Im Verhandlungssaal zwar nicht räumlich, aber in der Sache gegenüber: Der ehemalige Vorstandsvorsitzende. Er war die letzten zweieinhalb Jahre in Untersuchungshaft und habe, so heißt es, Belege für die Existenz der Drittpartnergeschäfte – und somit auch für die 1,9 Milliarden Euro. Dass sie verschwunden seien, liege an anderen Gründen, etwa weil der ehemalige Dubai-Verantwortliche mit Komplizen in einer Art „Schattenstruktur“ hunderte Millionen ins Ausland verschoben habe. Er selbst sei vielmehr Opfer, auch durch ein weiteres früheres Vorstandsmitglied, das vermutlich in Russland untergetaucht ist.
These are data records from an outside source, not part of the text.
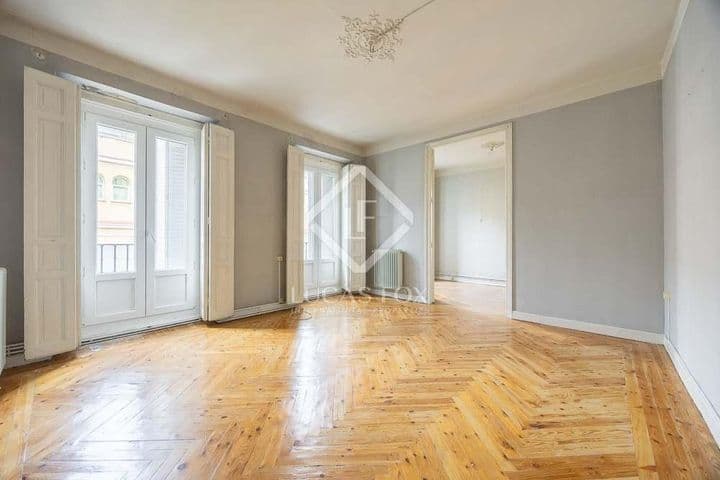 4 bedrooms apartment for sale in Madrid, Spain - Image 2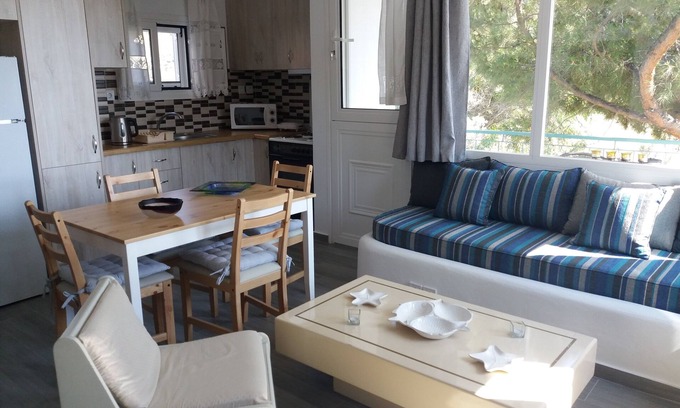 Agios Romanos Apartamento | Grandpa Simos' Traditional Guest House (Α)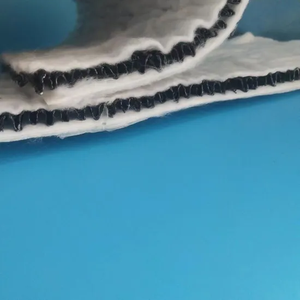 Tapis de drainage géosynthétique composite avec noyau 3D et géotextile non tissé pour mur de soutènement et drainage de fondations souterraines - Product Image 5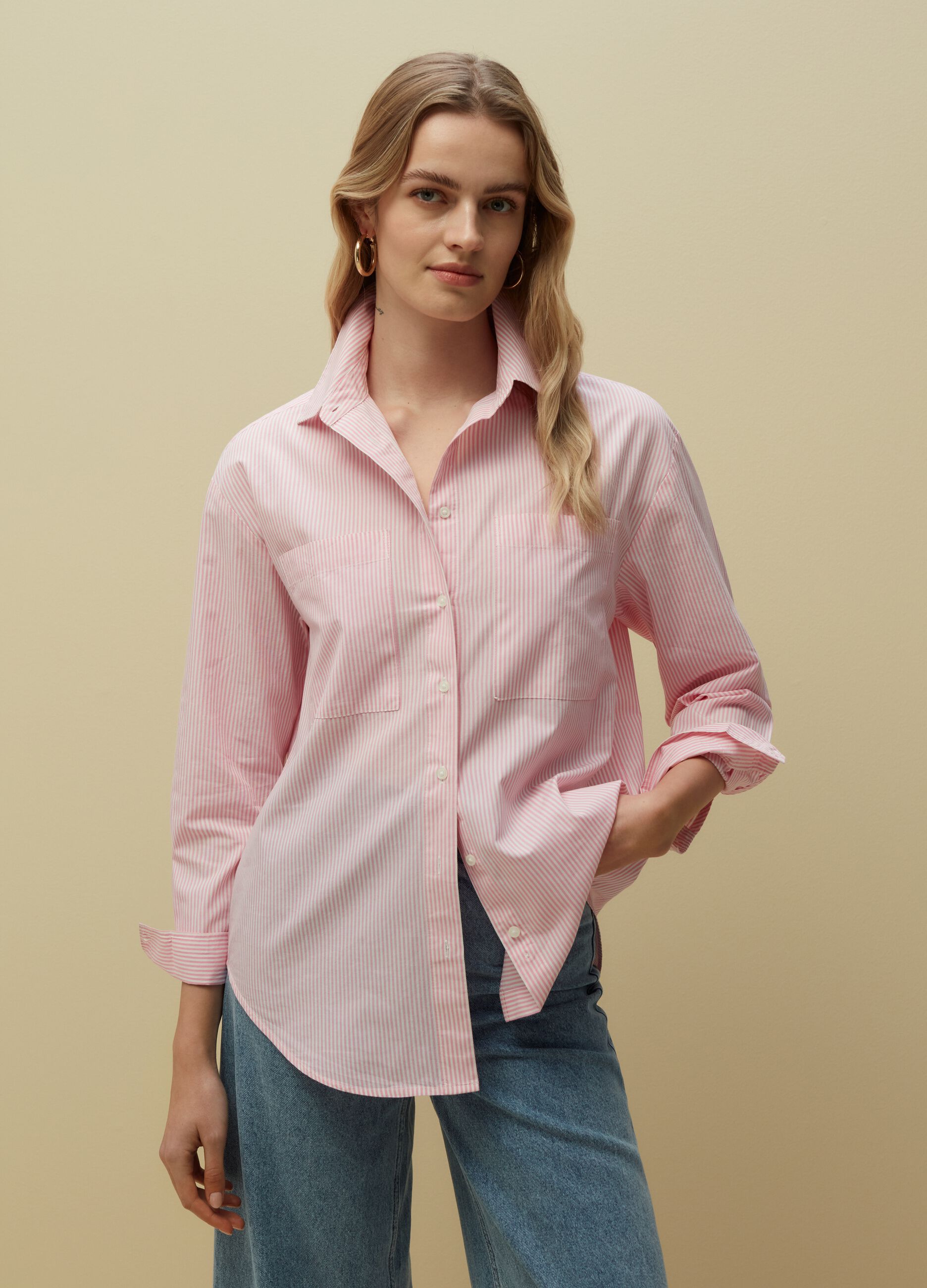 Relaxed fit shirt with pockets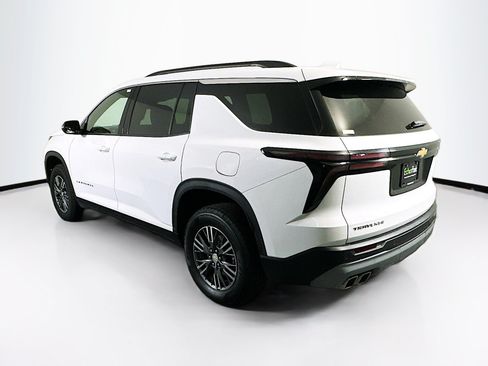 Used 2025 Chevrolet Traverse LT FWD image 5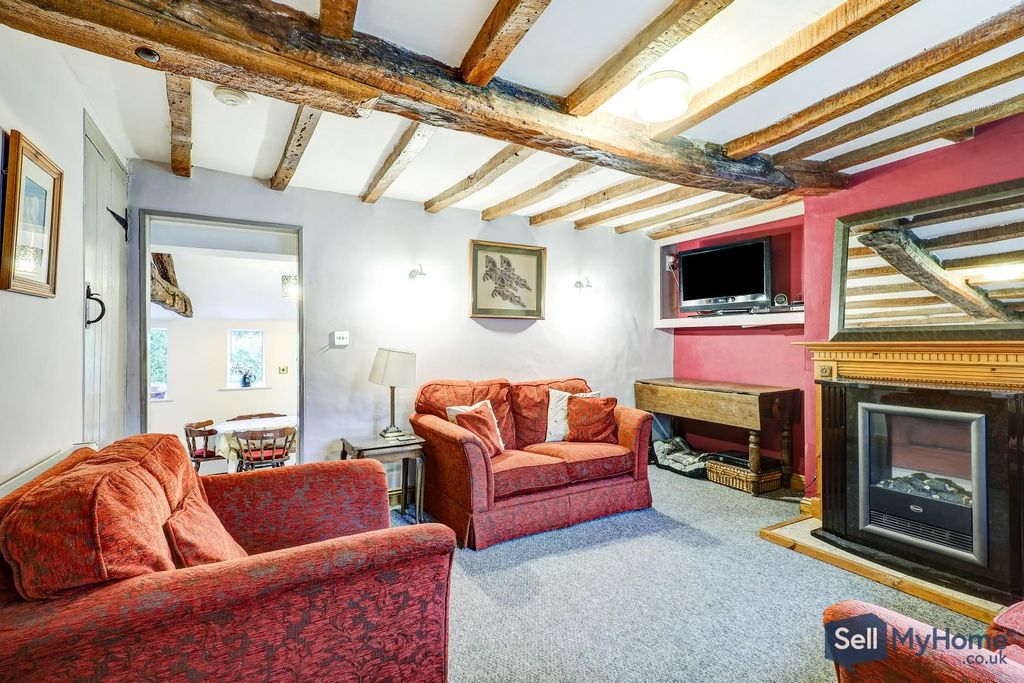 Property photo 2 of 21 Lounge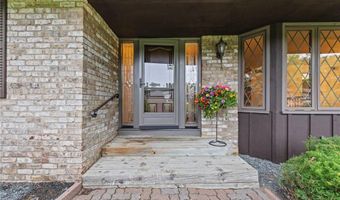 1267 Nursery Hill Ln, Arden Hills, MN 55112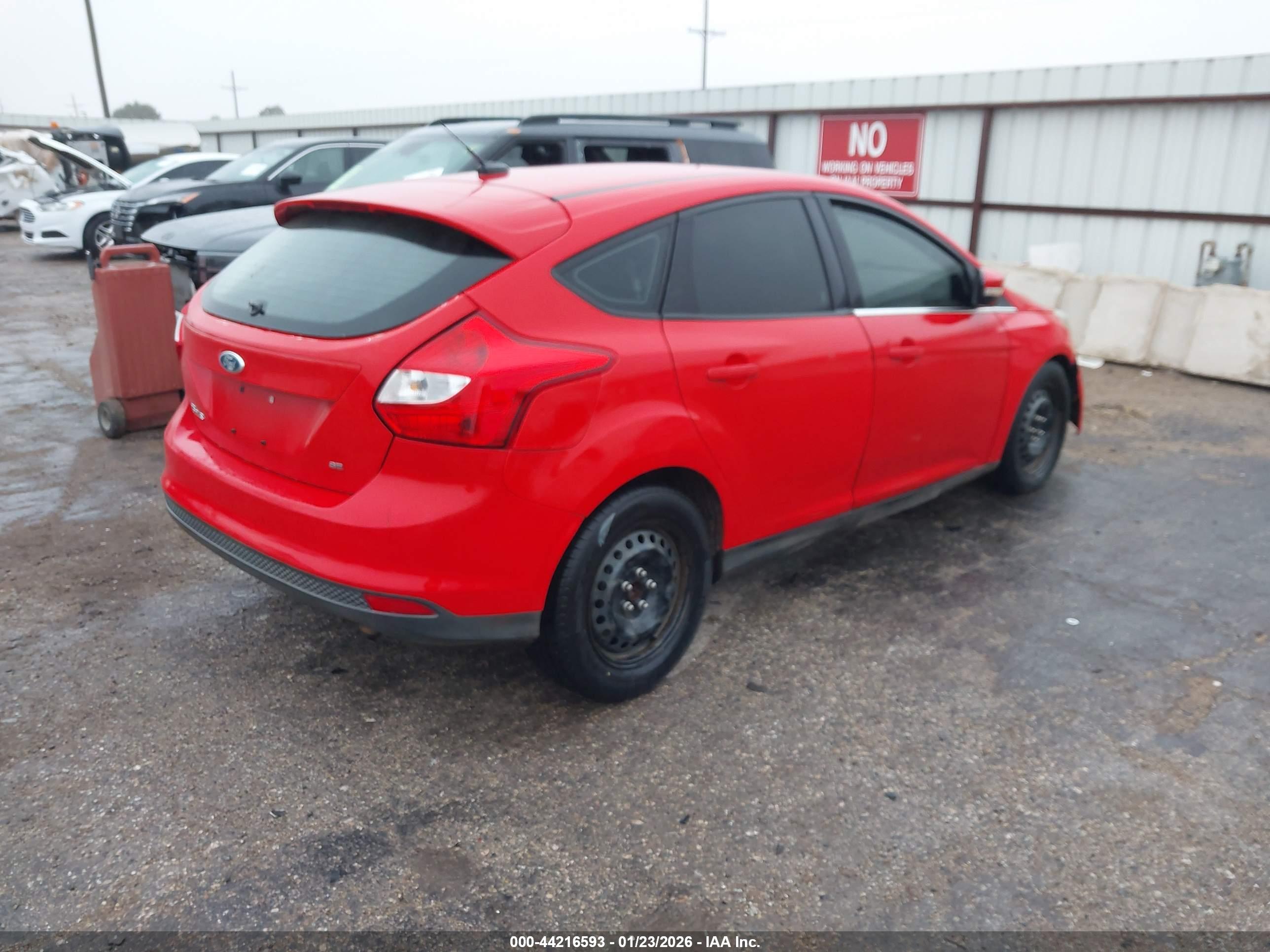 FORD FOCUS image 4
Eine der vielen Hauptfragen wird also sein: War der ehemalige Vorstandsvorsitzende Täter des Betrugs (§ 263 StGB) – oder Opfer? Die Staatsanwaltschaft und der Insolvenzverwalter für die Wirecard AG vertreten zumindest die Auffassung: Das Geld habe es nie gegeben.

Entscheidung in 2024 wahrscheinlich

Bereits jetzt lässt sich absehen, dass es ein aufsehenerregender Prozess werden wird: Stundenlange Anklageverlesung, drei Angeklagte, ein Schaden in Milliardenhöhe. Die 4. Strafkammer des LG München I hat bislang 100 Prozesstage bis Ende des nächsten Jahres angesetzt. Es wird trotzdem erwartet, dass das Verfahren erst 2024 sein Ende finden dürfte.